By Neil Unmack and John Glover
Sept. 4 (Bloomberg) -- Moody's Investors Service said it may cut the ratings of 854 million euros ($1.2 billion) of constant proportion debt obligations after disclosing a second error in the way it assesses the securities.
Moody's review was ``prompted by the identification of a coding error in a model used for monitoring CPDOs,'' the New York-based firm said in a statement today. Moody's will probably downgrade the affected CPDOs by one or two levels, it said. The securities were sold by banks including ABN Amro Holding NV, JPMorgan Chase & Co. and Lehman Brothers Holdings Inc.
Moody's ousted the head of its structured finance unit two months ago, saying employees broke rules by failing to change the way CPDOs were assessed after discovering a fault in its rating model. Moody's awarded the top Aaa ratings to at least $4 billion of the securities, funds backed by credit-default swaps, before they lost as much as 90 percent of their value.
``This highlights the problems that Moody's and the other ratings firms had in modeling structured credit,'' said Jeroen van den Broek, head of investment-grade credit strategy at ING Bank NV in Amsterdam. ``That's why they wound up giving Aaa ratings to deals that should never, ever have received them.''
U.S. and European regulators are tightening rules for Moody's, Standard & Poor's and Fitch Ratings after the companies provided top grades to securities backed by U.S. subprime mortgages that triggered more than $500 billion of writedowns and credit losses at Wall Street institutions.
Ratings Review
The latest error ``was modest but material, so that's why we're reviewing the ratings,'' Richard Cantor, chief credit officer at Moody's, said in a telephone interview from New York. A major fault would have led to mistakes in the grades that an analyst would spot immediately, he said.
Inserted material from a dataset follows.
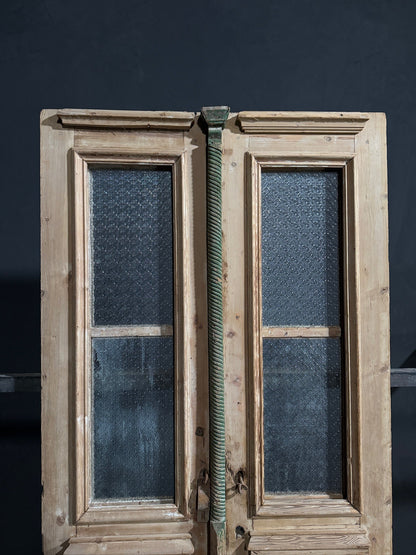 Antique Architectural Textured Glass Double Doors - 44x94 - N818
Moody's is carrying out a review of all its major ratings models and has set up a group of experts to supervise their creation, testing and monitoring, Cantor said. Even so, ``no vetting process will ever eliminate every error,'' he said.
Moody's Corp., the parent of the ratings company, fell as much as 71 cents, or 1.7 percent, to $40.54 and was at $40.57 at 11:50 a.m. in New York Stock Exchange Composite trading. The stock has risen 14 percent this year.
ABN Amro created the first CPDO in 2006, promising investors top-ranked bonds with returns of as much as 2 percentage points above money-market rates.
Moody's is reviewing CPDOs rated between A3, its seventh- highest credit ranking, down to B1, four levels below investment- grade status.
CPDOs sell contracts based on indexes of credit-default swaps, contracts conceived to protect bondholders against default. The contracts pay the buyer face value in exchange for the underlying securities or the cash equivalent should a company fail to adhere to its debt agreements.